It has been no secret that the New Jersey Devils have been re-building as an organization. Since Ray Shero has become general manager of the team, the franchise has undergone changes throughout management, coaches, scouting, support personnel, and the players. Some of these were welcomed, others less so, but it has all be for the hopes of building a better team for tomorrow. Now that Shero is entering his third regular season in charge and the team has missed the playoffs for five straight seasons, it is a fair question to ask: when should the Devils be battling for the playoffs?
Coincidentally, two New Jersey Devils players recently addressed this the topic. In this article at NHL.com by Dave McCarthy on this past Friday, Adam Henrique said the following when asked whether the playoffs are the goal:
"Absolutely, the playoffs are always the goal. It starts from our backend out, having Cory Schneider and Keith Kinkaid back there, they both play well and give us a chance every single night," Henrique said at the NHLPA Golf Tournament at Glen Abbey Golf Club on Wednesday. "Along with the additions we've brought in so far this summer, hopefully there will be a few young kids who can come in and make a difference this year. Playoffs is the goal and we've seen you just have to get in to give yourself a chance."
This is a fairly non-committal answer. Sure, playoffs are surely a goal but Henrique does not say whether they’ll do it this season, next season, or some other season. Fortunately, a few days earlier after a set of 3-on-3 scrimmages at last week’s development camp, Pavel Zacha said the following to the fans, as quoted by Andrew Gross:
Pavel Zacha to crowd: "We have to make the playoffs next year."— Andrew Gross (@AGrossRecord) July 12, 2017
I like the confidence from the young forward. I also think this is a telling answer. Given that he was speaking to fans at the camp and presumably knowing there was press present, Zacha provided a clear mission statement. That the Devils have to make playoffs next year. Not necessarily this year. I think Zacha is right.
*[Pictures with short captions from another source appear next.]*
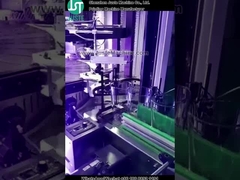 Máy in màn hình tự động đầy đủ Cốc thủy tinh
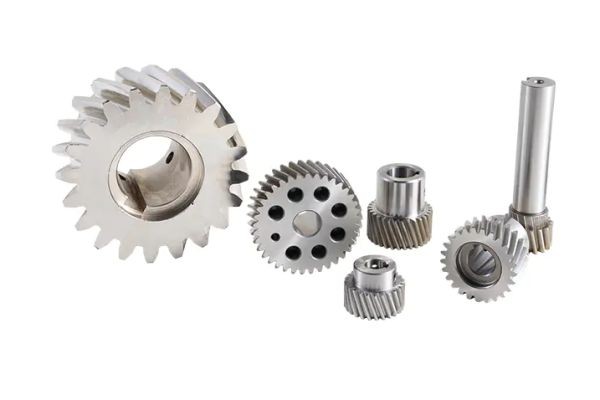 Industrial Transmission Solutions for Stable Motion Control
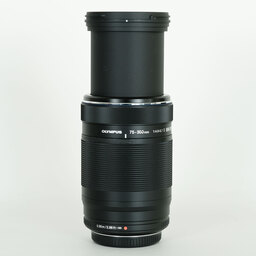 OLYMPUS M.ZUIKO DIGITAL ED 75-300mm F4.8-6.7 II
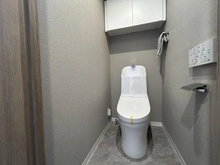 【埼玉県/富士見市ふじみ野西】モリスふじみ野 トイレ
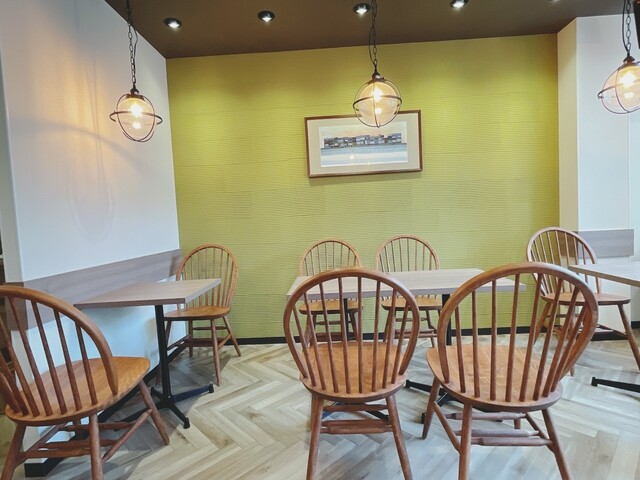 Matcha Cafe Uji Kyubei Kyoto Kawaramachi Ten photo 4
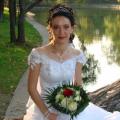 poze Coafura mirese/ machiaj mireasa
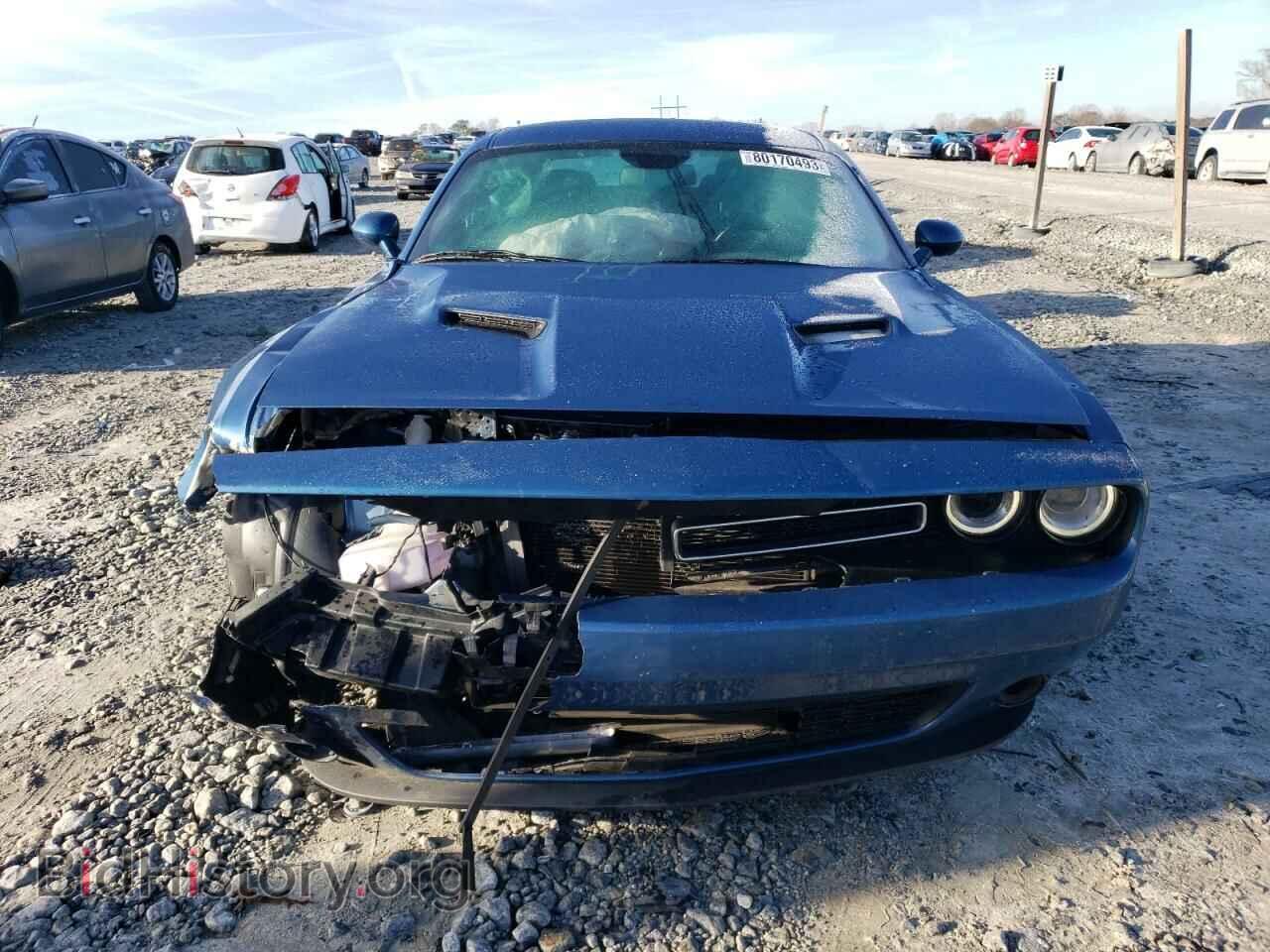 2020 DODGE CHALLENGER - VIN: 2C3CDZAG4LH191394 - Фото 5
For the moment, it is not clear what the 2017-18 Devils will be. There is a real excitement over the possibility of young prospects from the past three years joining the New Jersey squad in some way or form. Pavel Zacha was there last season. Michael McLeod, Blake Speers (who started in New Jersey last season), and Nico Hischier could all join him. The same can be said for other younger players like John Quenneville. Should their additions yield good offensive play right away, the Devils’ forwards become more formidable on paper. Contributions from young players combined with Taylor Hall, Marcus Johansson, Travis Zajac, Kyle Palmieri, Adam Henrique, and Brian Boyle will hopefully make the team more competitive line-by-line. However, that is a lot to ask for one player who may not even 21; much less to ask it for multiple players.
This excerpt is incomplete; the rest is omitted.